By Jennifer DePrizio, director of interpretation; and Jim Engelmann, exhibition designer
ArtLens Exhibition is an experiential gallery that uses innovative technology to put the visitor into conversation with masterpieces of art, encouraging engagement on a personal, emotional level. The new installation of ArtLens Exhibition explores a central, overarching theme: “What can art be?” Visitors are invited to interact and connect with 21 artworks from across the CMA’s collection through state-of-the-art technology including gesture-based 3-D artwork models, the ability to scan all artworks for more information through ArtLens App, and visitor-generated content on the digital beacon.

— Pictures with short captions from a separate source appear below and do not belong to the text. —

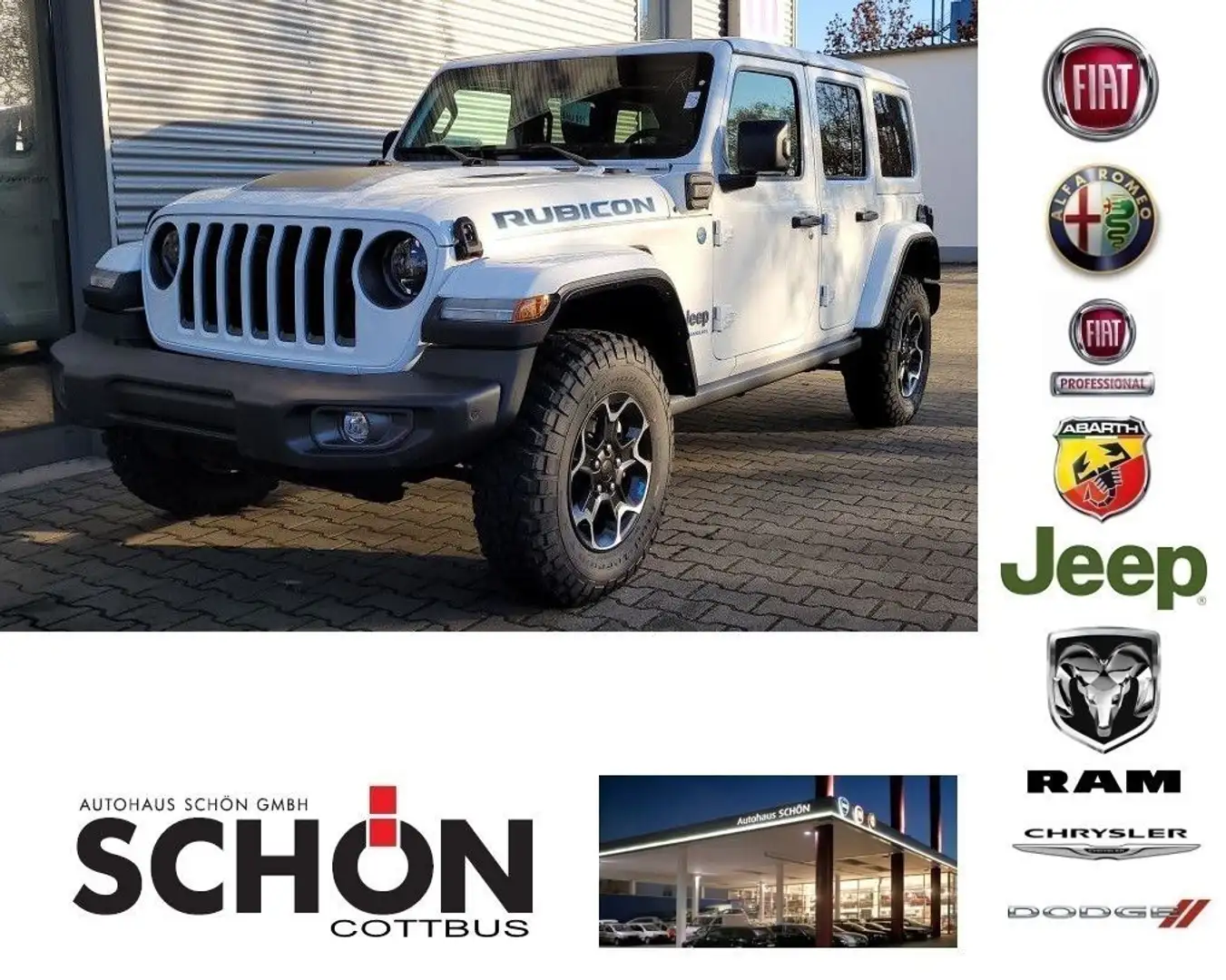 Jeep Wrangler Unlimited Rubicon MY23 PHEV Weiß - 1
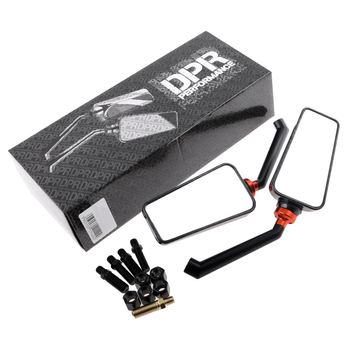 Lusterka uniwersalne M8 M10 carbon połysk solidna konstrukcja DPR Performance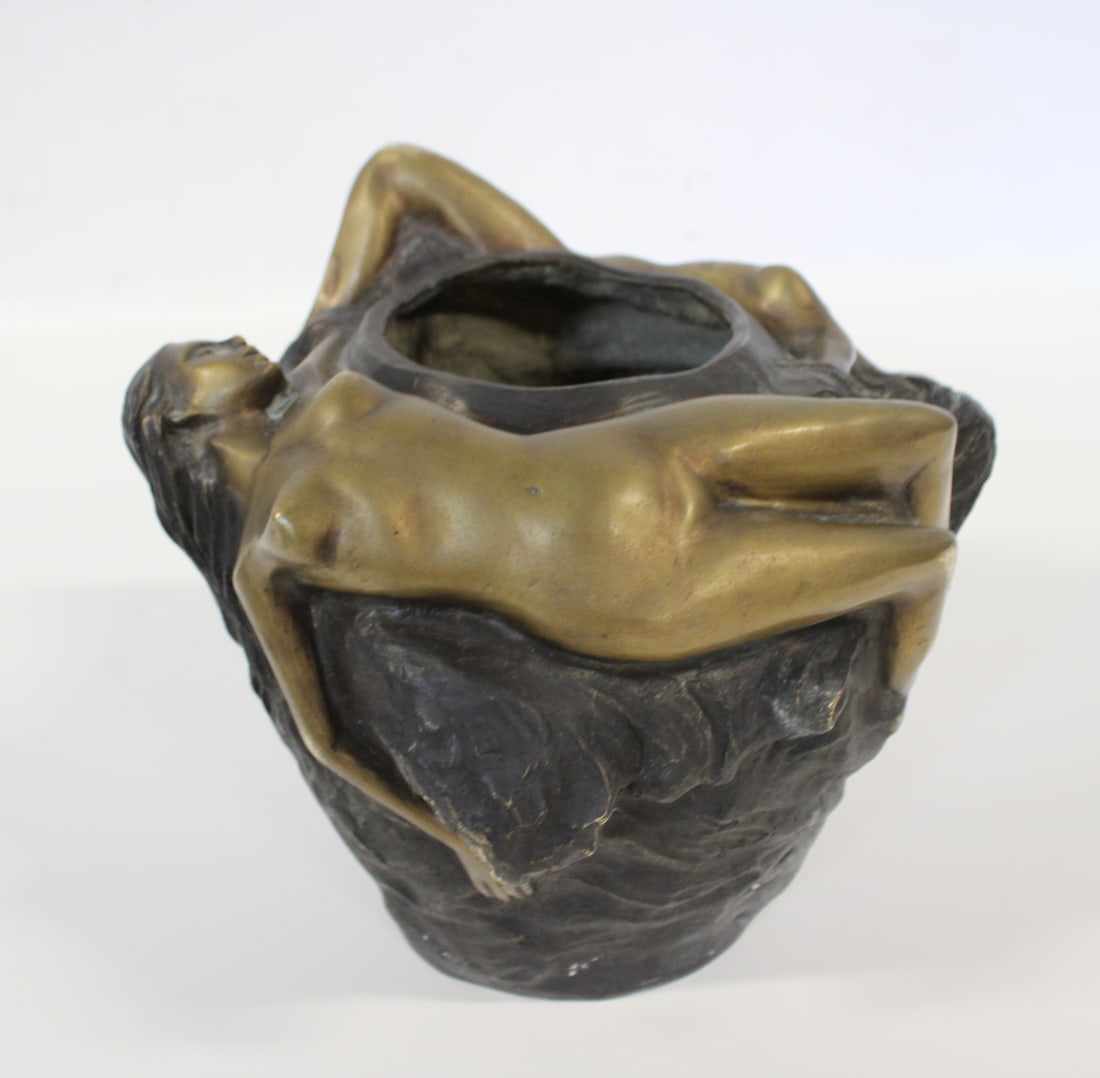 K BMART  Signed French Art Nouveau Figural Vase. (1 of 8)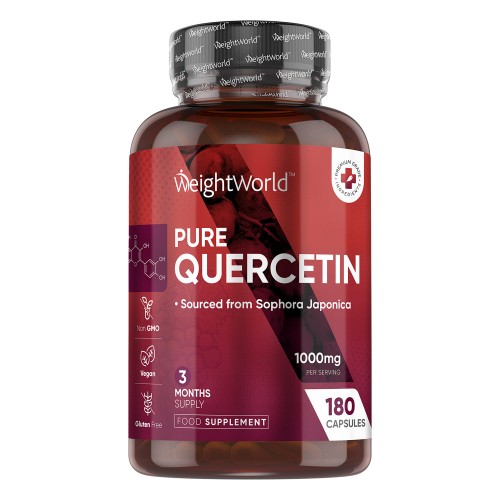 Quercetin Supplement - 1000mg 180 Capsules - 3-Month Supply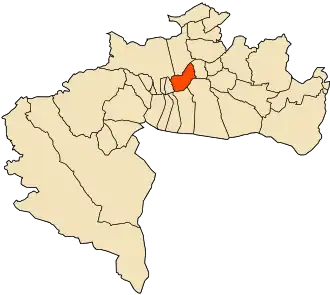 Localisation de El Hadjeb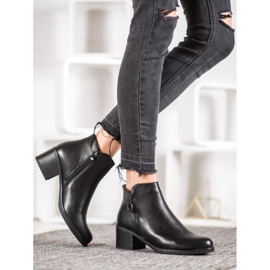 J. Star Meleg csizma öko bőrrel fekete 2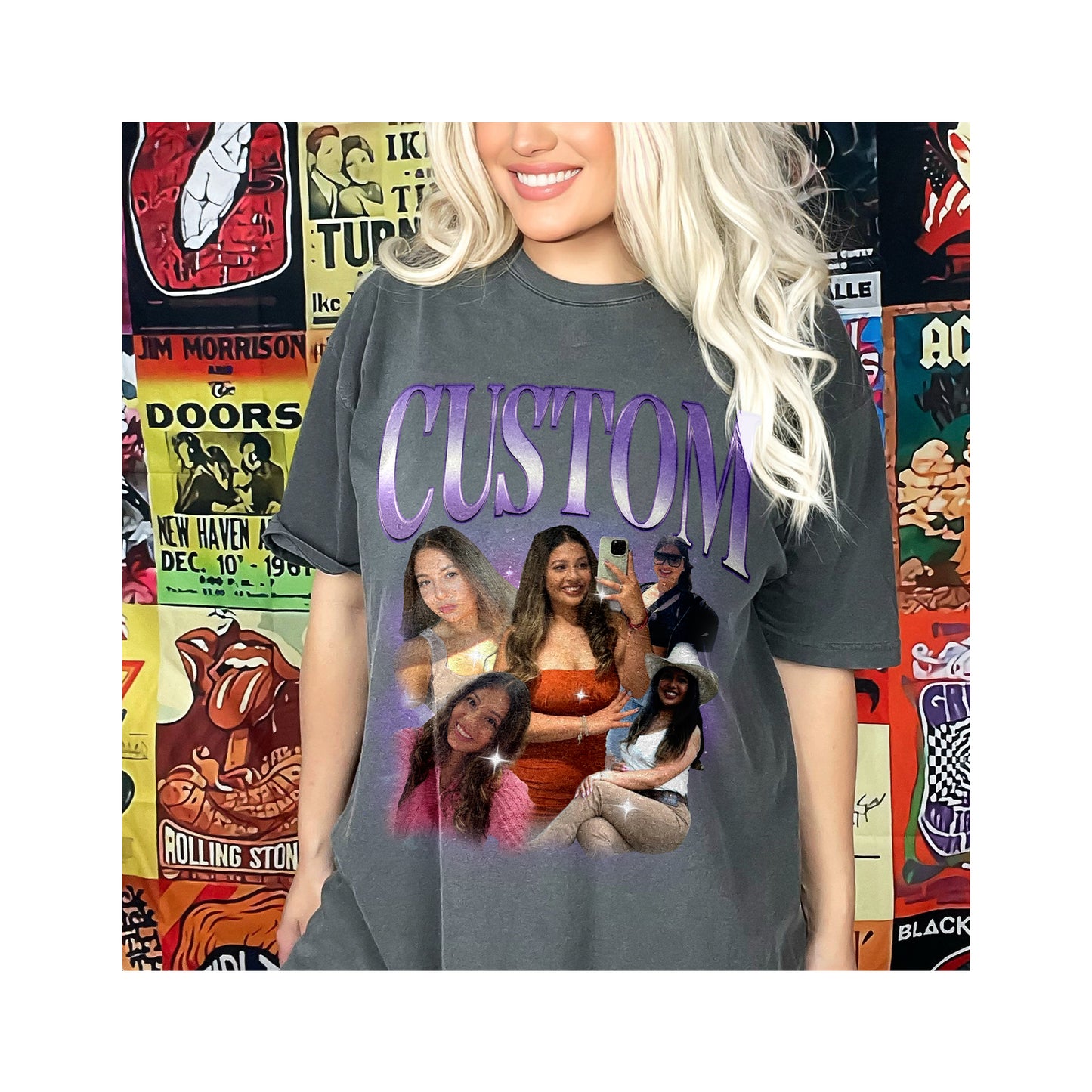 Custom Graphic Photo Vintage Comfort Color 2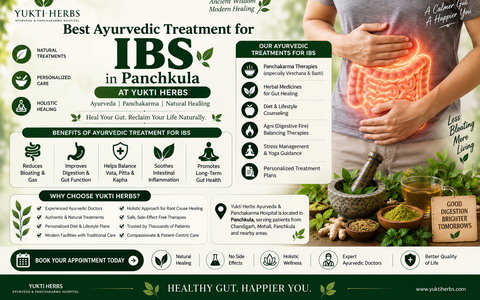 Best Ayurvedic Treatment for IBS in Panchkula – Yukti Herbs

In the Q&A below, learn more about this reinstallation from two of the principal CMA staff members involved in the project: Jennifer DePrizio, director of interpretation; and Jim Engelmann, exhibition designer.
Q: From an interpretive point of view, what is new in ArtLens Exhibition?
JD: For this reinstallation, it was important to articulate a theme — a framework to shape the way we would interpret and present these artworks from across the CMA’s collection. After much discussion within our cross-departmental team, we arrived at the theme “What can art be?” With so many possible answers — art can be symbolic, decorative, functional, devotional, to name just a few — such a broad question provides multiple entry points into thinking about and engaging with a diverse group of art objects. We provide one answer in the exhibition, but given that art reflects the full scope of the human experience, a single artwork can mean different things to different people. We invite and encourage everyone to experience the new ArtLens Exhibition, consider the works of art on view, and see what personal connections they can make.
Q: What is unique about the experience visitors will have with works of art in ArtLens Exhibition?
JD: One unique aspect about ArtLens Exhibition is that it offers an opportunity to look at and consider connections across time and place. We can create dialogue among works in the collection, through both the installation layout and the digital interactives, that does not happen anywhere else in the museum. Unlike in most galleries in the museum, in ArtLens Exhibition visitors can find artworks from vastly different historical periods alongside each other, such as the pairing of a vessel from ancient Greece (mid-500s BC) with one from Mesoamerica (600–1000). Although separated by approximately 1,000 years, both artworks feature significant myths, illustrating the ways in which artists in different times and places depicted such important cultural and religious imagery on functional objects.
Q: How and why did you select the works of art?
JD: It was quite an undertaking to find a range of objects from across the museum’s collection that would fit well within our given footprint. After exploring all collection areas with our curators, we generated a list of more than 100 objects — which had to be reduced to approximately 20. One important factor was to prioritize artworks that would be accessible to a broad range of audiences, particularly first-time and nontraditional visitors, in keeping with the intent of ArtLens Exhibition. We also considered how we could offer our members and regular visitors new ways to think about objects that they know well. How could we surprise and delight all of our audiences? Another important consideration was to find excellent examples of artworks that support the already established themes of the digital games. In the end, we selected a group of objects that we think encourage slowing down, looking closely, and discovering the unexpected while having fun learning about art through digital interactives. Some works of art may be familiar, such as Wild Things by Haim Steinbach, which had been hanging in our contemporary galleries. But others, such as the Javanese Piggy Bank from the 14th or 15th century, had been in storage, affording us the chance to expose visitors to more of the breadth of the museum’s world-class collection (I predict this adorable boar will become a crowd favorite).
How has the interpretative question “What can art be?” helped to inform the design of the space?
JE: We designed the space and arranged the objects to present interesting comparisons between style, materials, and function. For instance, a 19th-century French mirror is shown with a pair of 17th-century Nepalese earrings. The objects are both decorative and functional, but what is most striking to me is how the pieces share similar shapes and lines. Although separated by centuries, in a way they feel like they could have come out of the same studio.
Other juxtapositions exist between the respective decorative metalwork techniques used to adorn both a piece of armor and a microscope, and between the monsters depicted in Haim Steinbach’s contemporary artwork and in our renowned Tea Service from about 1907 by Carlo Bugatti. There are plenty of other examples, some that we designed and others that just happen when great works of art are exhibited next to each other. Through close looking at the art objects and exploring art ideas in the games, our hope is that visitors will find many other connections in this gallery and throughout the museum.